Leave the pictures aside and give back every entry below word for word.

☆ ☆ ☆ ☆ ☆

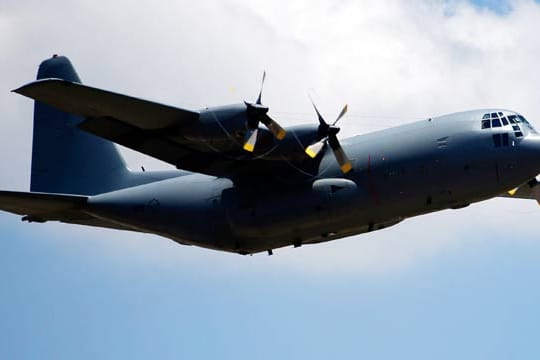 Ein militärisches Transportflugzeug vom Typ Lockheed C-130 Hercules.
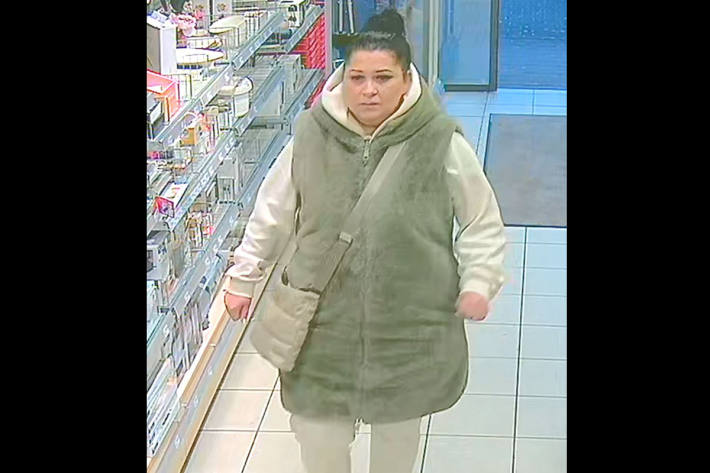 Diese Frau wird wegen Diebstahls gesucht.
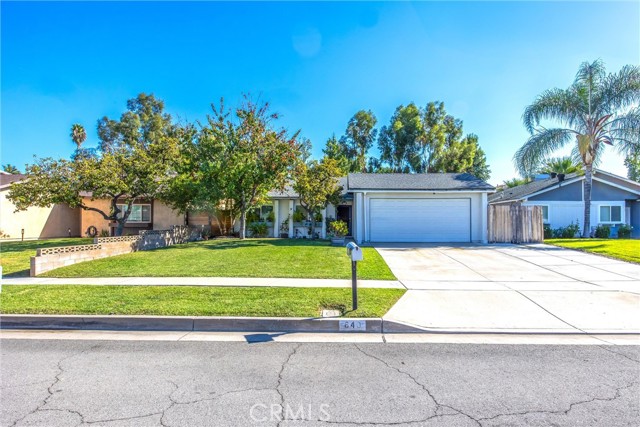 Detail Gallery Image 2 of 56 For 640 Jeremy Ct, Redlands,  CA 92374 - 3 Beds | 2 Baths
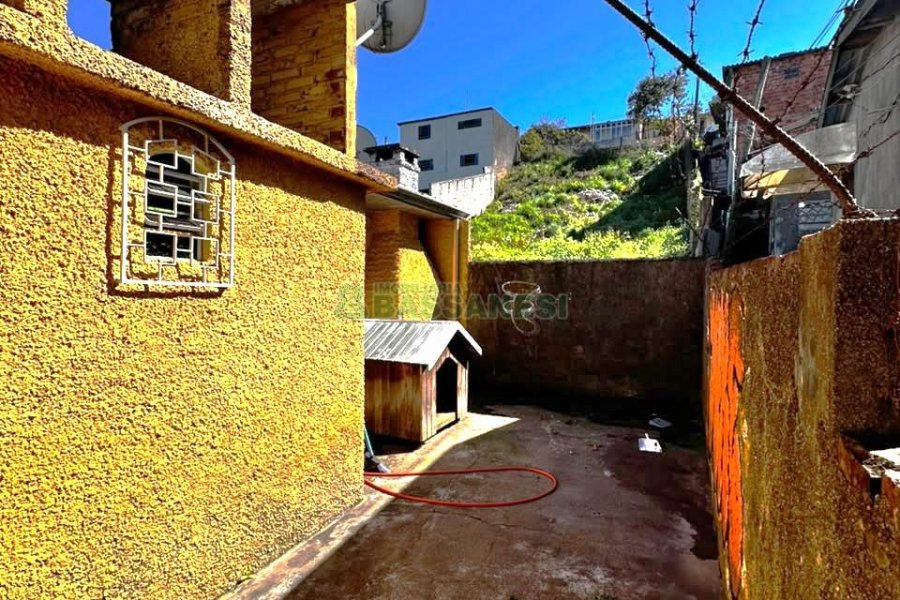 Casa com 100m², 3 dormitórios, 2 vagas, no bairro Presidente Vargas em Caxias do Sul para Comprar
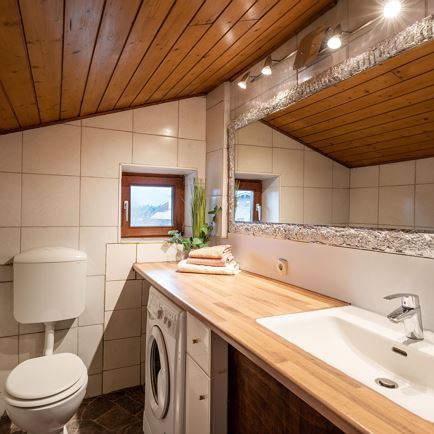 Badezimmer Ferienwohnung Glück (c) Hannes Dabernig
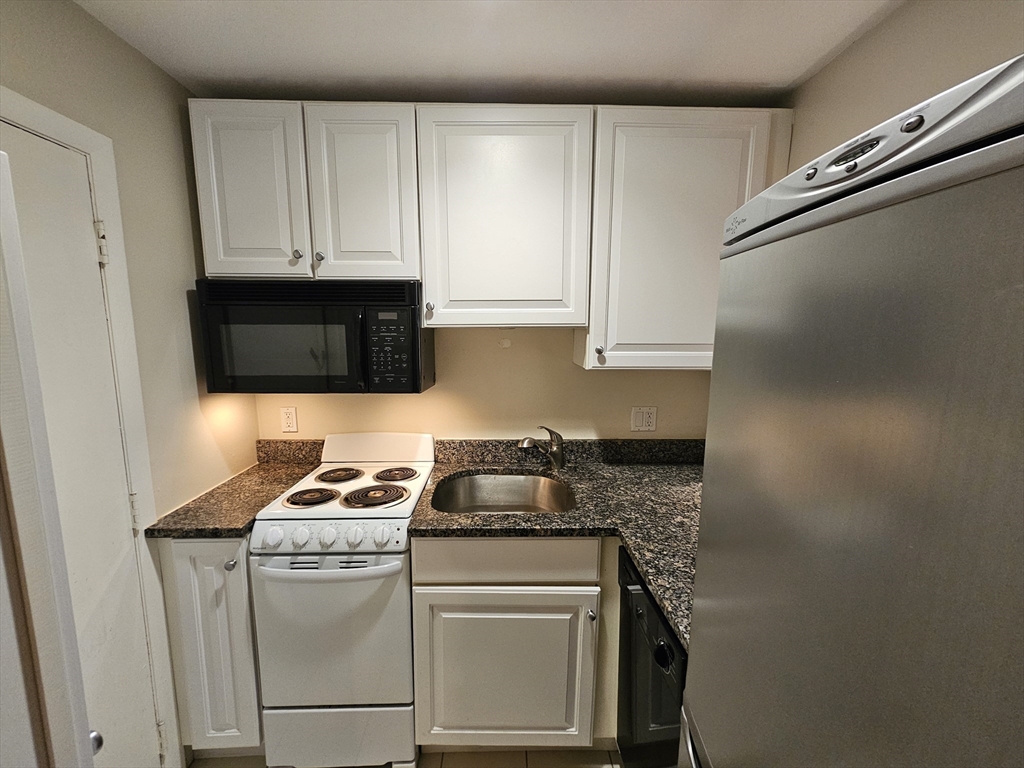 15-17 University Rd # 26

☆ ☆ ☆ ☆ ☆

### PROBLEM SOLUTION:
 Ein militärisches Transportflugzeug vom Typ Lockheed C-130 Hercules.
 Diese Frau wird wegen Diebstahls gesucht.
 Detail Gallery Image 2 of 56 For 640 Jeremy Ct, Redlands,  CA 92374 - 3 Beds | 2 Baths
 Casa com 100m², 3 dormitórios, 2 vagas, no bairro Presidente Vargas em Caxias do Sul para Comprar
 Badezimmer Ferienwohnung Glück (c) Hannes Dabernig
 15-17 University Rd # 26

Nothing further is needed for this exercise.